— Pictures with short captions —
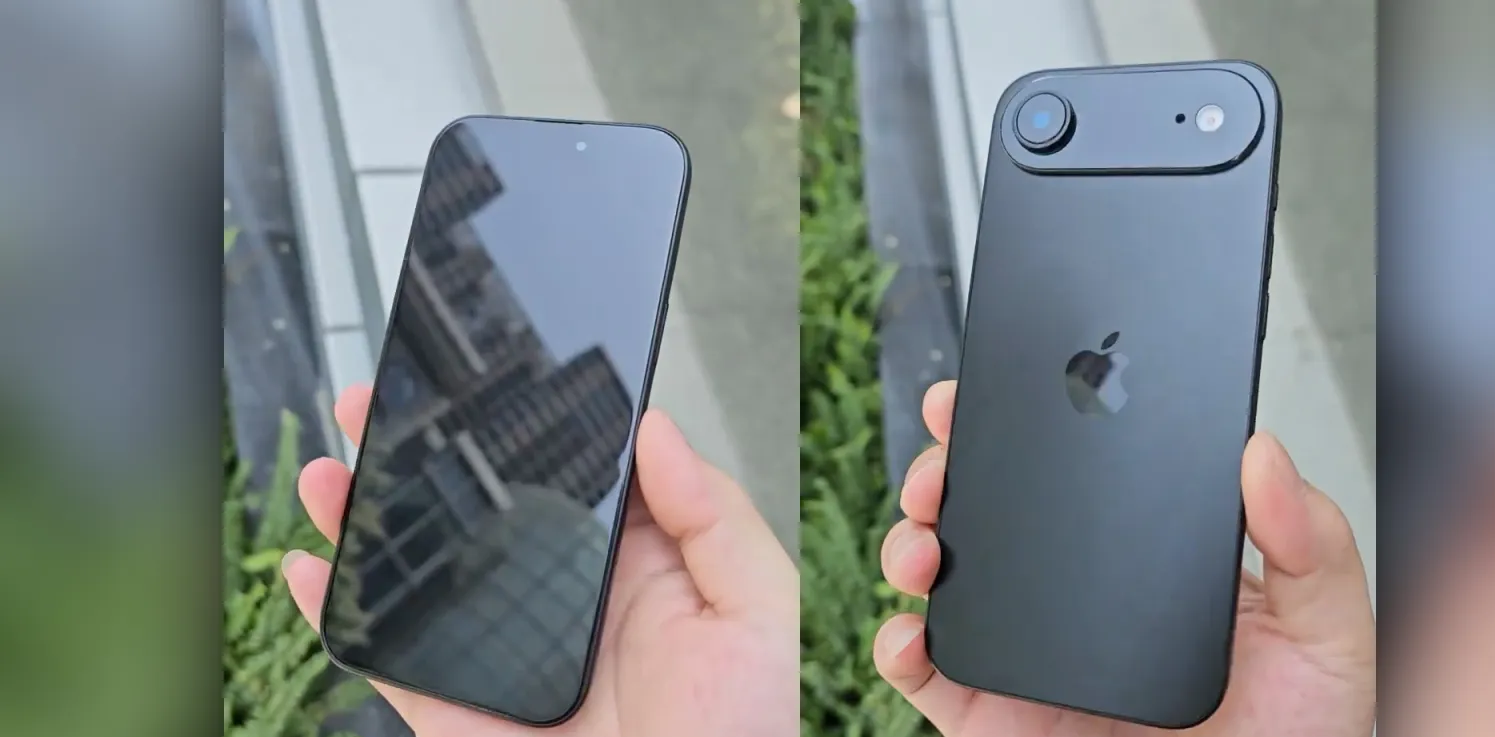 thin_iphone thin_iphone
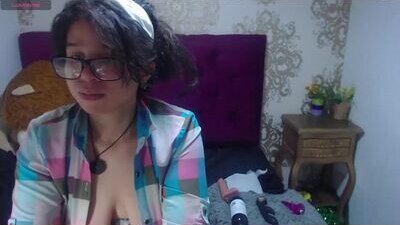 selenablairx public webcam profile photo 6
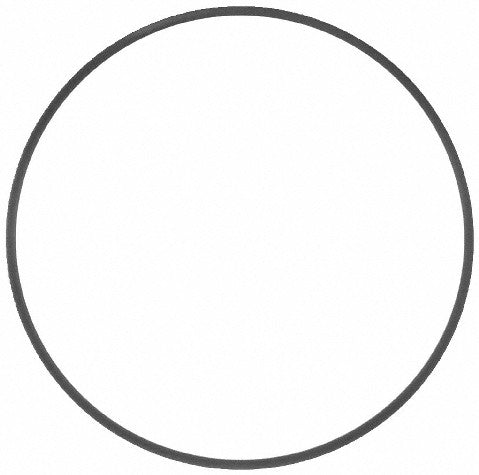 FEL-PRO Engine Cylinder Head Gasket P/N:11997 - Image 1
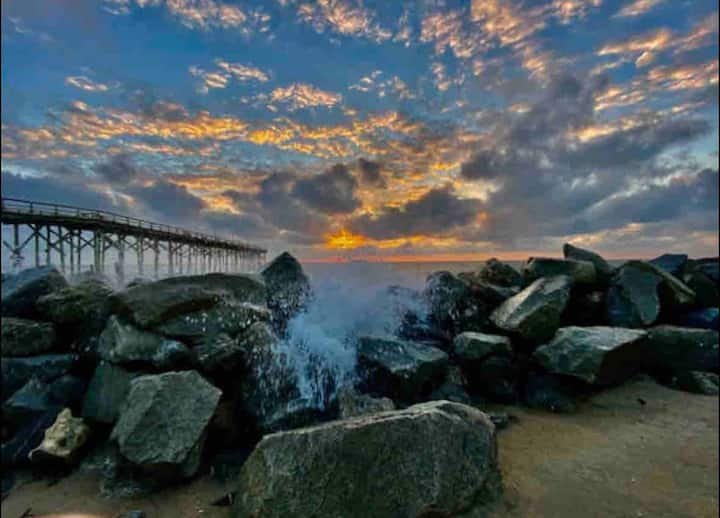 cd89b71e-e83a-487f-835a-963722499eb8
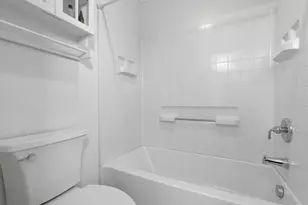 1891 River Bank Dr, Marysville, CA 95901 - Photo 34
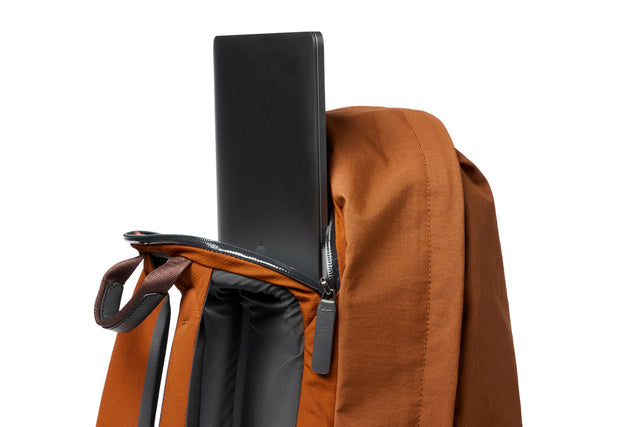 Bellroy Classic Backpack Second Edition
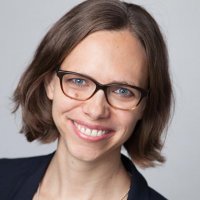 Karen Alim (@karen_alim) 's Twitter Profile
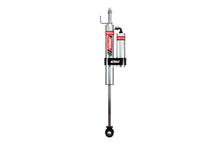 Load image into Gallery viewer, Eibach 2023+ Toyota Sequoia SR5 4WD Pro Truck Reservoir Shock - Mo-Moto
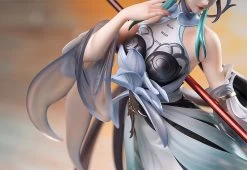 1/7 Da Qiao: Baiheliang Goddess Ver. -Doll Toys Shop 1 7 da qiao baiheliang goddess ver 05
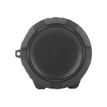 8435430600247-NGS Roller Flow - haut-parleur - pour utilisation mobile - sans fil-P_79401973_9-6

— Task statement —
Write out exactly the lines above, from the very first through the line containing "1/7 Da Qiao: Baiheliang", both kept, with the pictures removed.

— Your solution —
 thin_iphone thin_iphone
 selenablairx public webcam profile photo 6
 FEL-PRO Engine Cylinder Head Gasket P/N:11997 - Image 1
 cd89b71e-e83a-487f-835a-963722499eb8
 1891 River Bank Dr, Marysville, CA 95901 - Photo 34
 Bellroy Classic Backpack Second Edition
 Karen Alim (@karen_alim) 's Twitter Profile
 Load image into Gallery viewer, Eibach 2023+ Toyota Sequoia SR5 4WD Pro Truck Reservoir Shock - Mo-Moto
 1/7 Da Qiao: Baiheliang Goddess Ver. -Doll Toys Shop 1 7 da qiao baiheliang goddess ver 05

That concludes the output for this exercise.